Appellants: No ‘Clear and Certain’ Post-Deprivation Remedy Existed to Cure Due Process Violation
Bynum and Epic Sports’ petition for rehearing also pushes back on the Fifth Circuit’s conclusion that meaningful post-deprivation remedies existed under the Texas Constitution, thus avoiding a due process violation under the Fourteenth Amendment. The Fifth Circuit had determined that such a remedy existed under the Texas Supreme Court’s recent decision in Jim Olive Photography v. University of Houston (2021). That case, however, rejected Takings Clause claims under both the federal and state constitutions. “Appellants are aware of no cases in this circuit or elsewhere holding that a legal theory that has never been recognized by the state courts can nonetheless bar a procedural due process claim,” Bynum and Epic Sports’ petition reads. Such a ruling arguably flies in the face of the Supreme Court’s 1995 holding in National Private Truck Council v. Oklahoma Tax Commission, in which the Court found that a “clear and certain remedy” under state law must first exist before it can be considered a remedy that satisfies due process under the Fourteenth Amendment.

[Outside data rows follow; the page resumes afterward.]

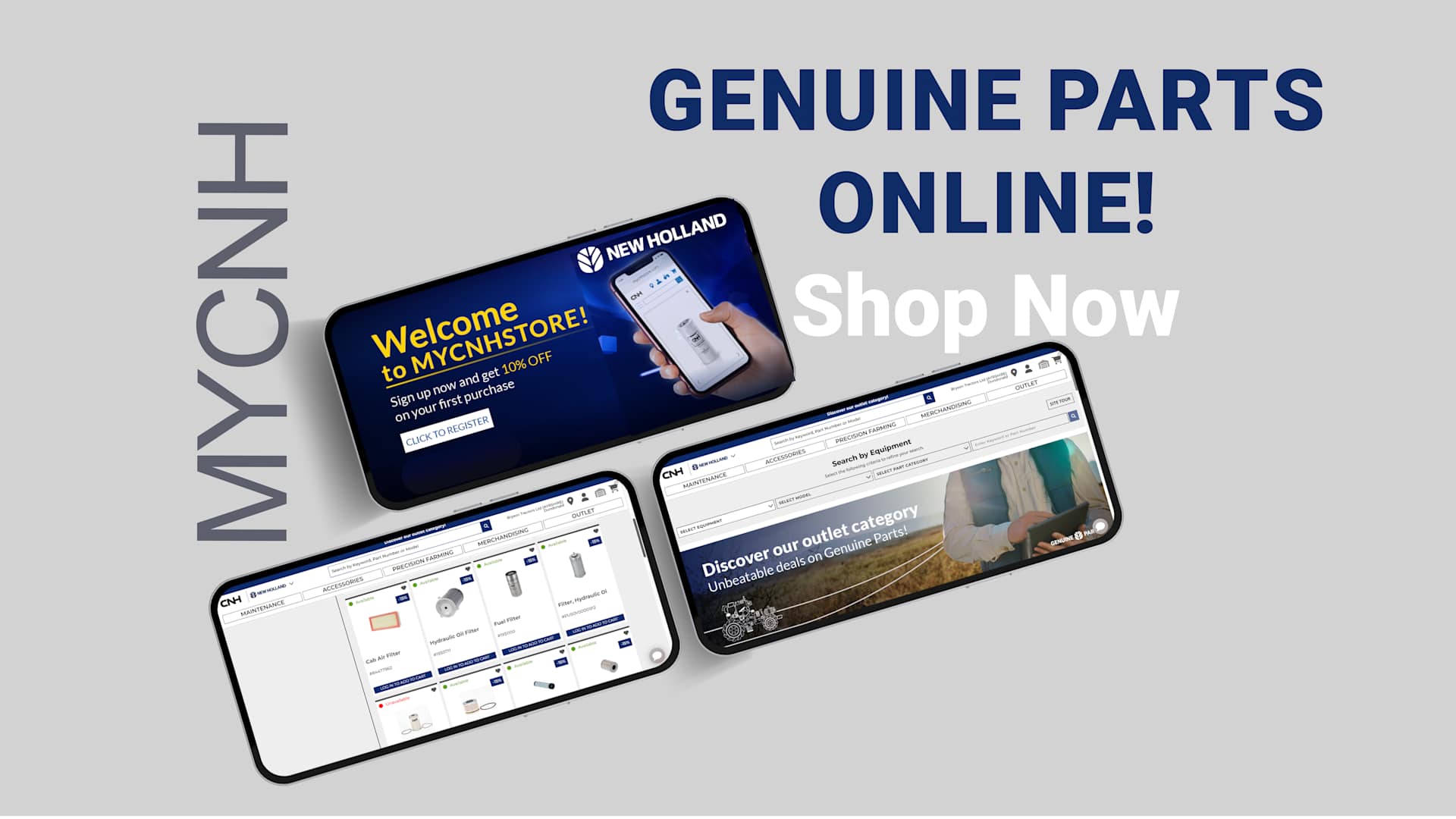 MYCNH Portal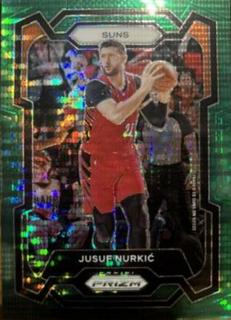 Jusuf Nurkic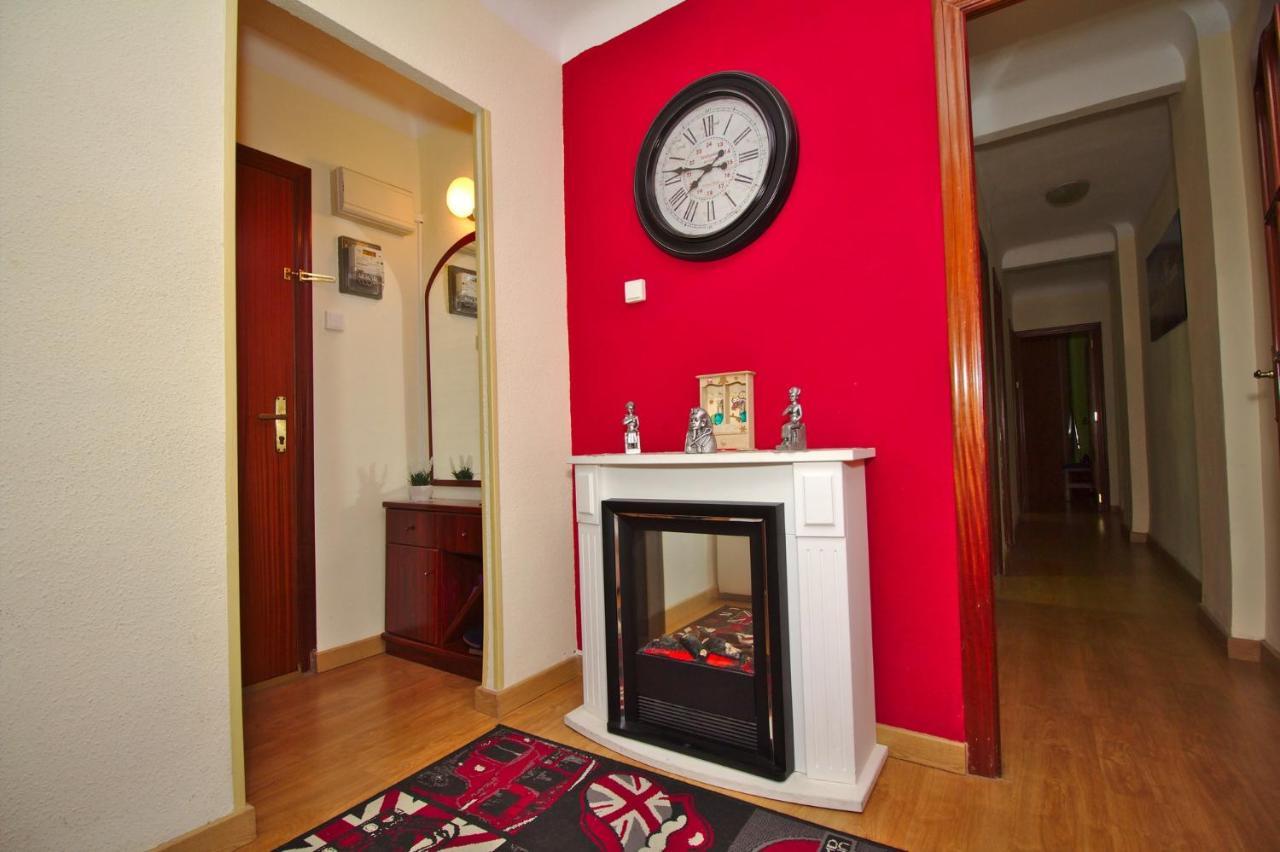 Cleopatra Apartment Alicante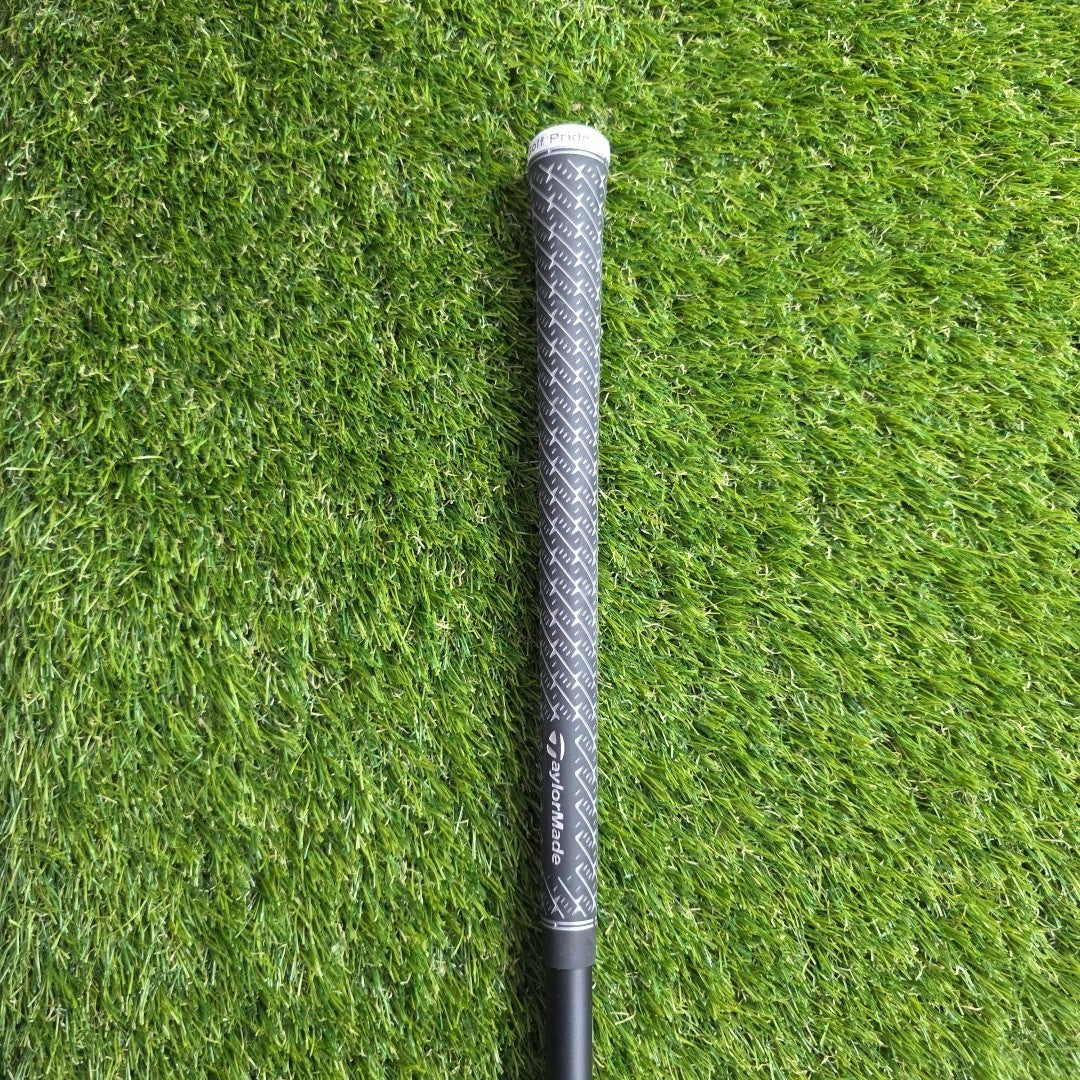 Taylormade Qi35 Max Lite 4 Hybrid 23 Deg Vanquish Regular Flex *NEW UNWRAPPED*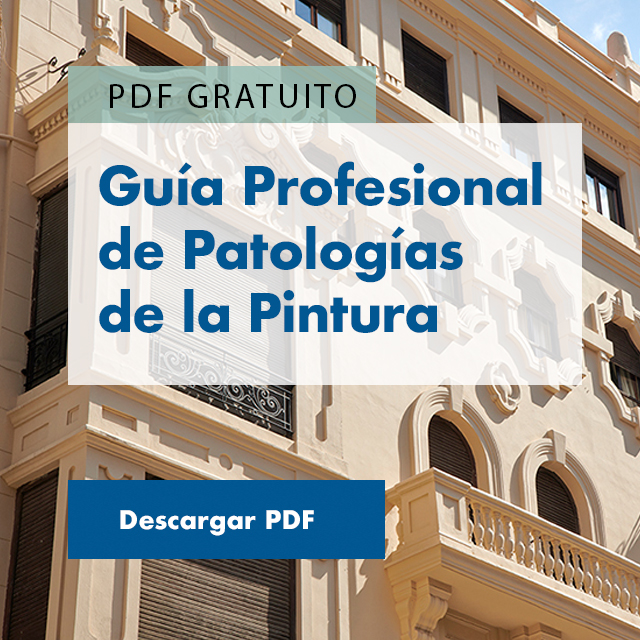 Guía Profesional de Patologías de la Pintura
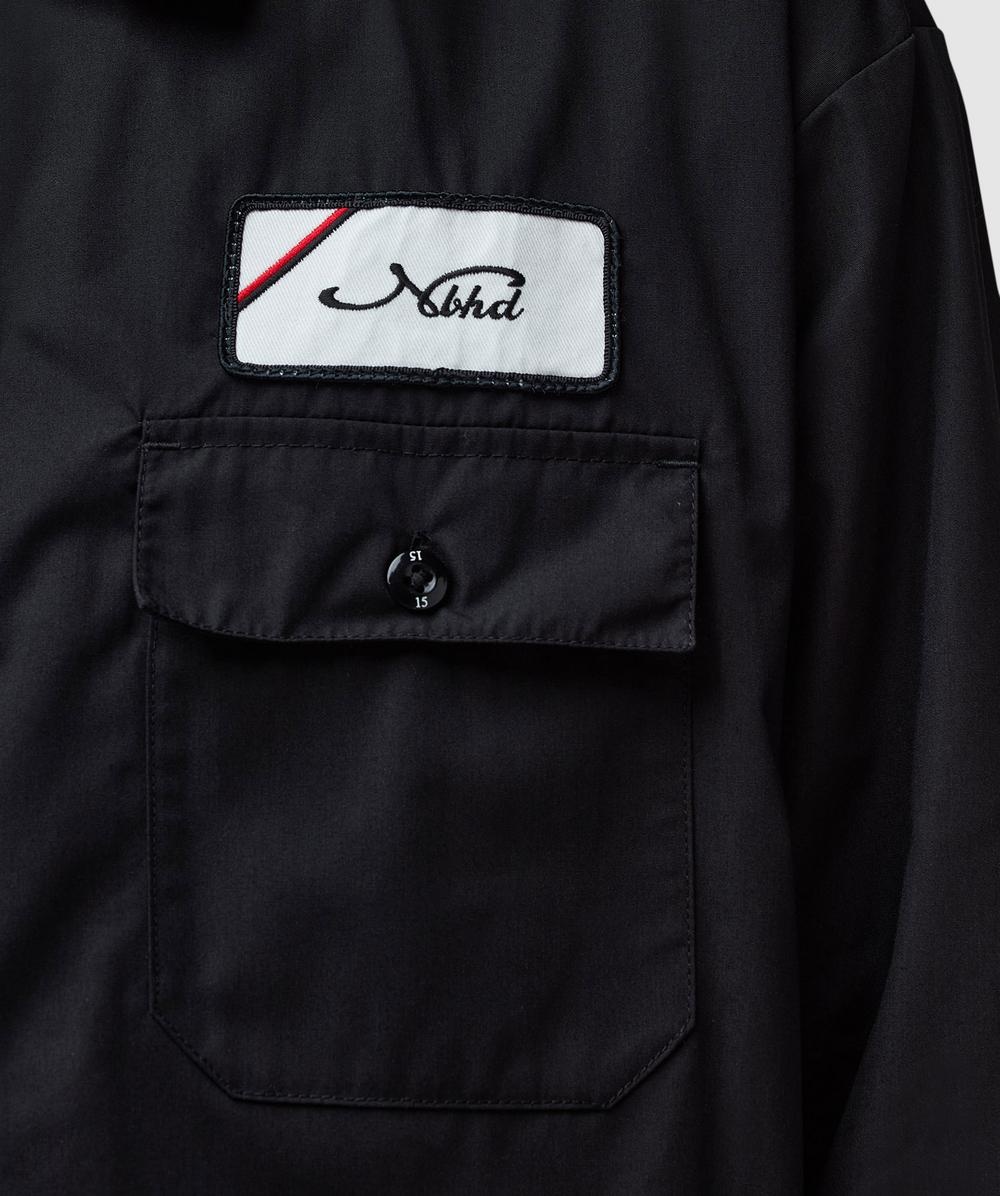 Classic work shirt - 4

In Jim Olive, the Texas Supreme Court noted that the state’s takings clause is comparable to the Constitution’s language in the Fifth Amendment. According to Bynum and Epic Sports, this finding offers no support for the Fifth Circuit’s conclusion that a takings remedy exists under the Texas Constitution without a comparable remedy under the Fifth Amendment. This argument is bolstered by the fact that Jim Olive involved takings claims under the Texas and U.S. constitutions, and the Texas Supreme Court treated those claims analogously.
A concurrence in Jim Olive hypothesized that claims under Texas constitution for copyright infringement might be available under provisions governing property “applied for public use” or “damaged for public use” rather than claims for regulatory takings. However, “[t]hese speculations about what potential remedies might be available cannot satisfy Due Process,” Bynum and Epic Sports argued. Cases in which a post-deprivation remedy has been upheld as satisfying due process under the Fourteenth Amendment have all involved remedies that are generally uncontested and well-established.
“Appellants have found no decisions rejecting a due process claim on the basis of a potential state-law remedy that no court has affirmatively recognized,” Bynum and Epic Sports argued. While the Fifth Circuit had relied on language from its 2009 decision in McClure v. Biesenbach to find that post-deprivation remedies are adequate “if it allows the prospect of compensation for the loss suffered,” Bynum and Epic Sports pointed out that Parratt v. Taylor (1981), which the Fifth Circuit cited for the proposition made in McClure, indicated that state remedies had to be in existence at the time of the deprivation and capable of fully compensating the property owner for his loss. The petition concludes:
It is, of course, too late for Appellants to pursue a Takings remedy under the Texas constitution. And it is hardly reasonable to tell Appellants that they should have sought these never-before-recognized remedies in state court rather than filing their claims in federal court. A requirement that federal plaintiffs guess correctly about what remedies a state court might someday recognize—at the hazard of losing their federal claims—is the antithesis of due process of law.
On September 24, the Fifth Circuit requested a response to the petition for rehearing en banc from the Texas Attorney General by October 4.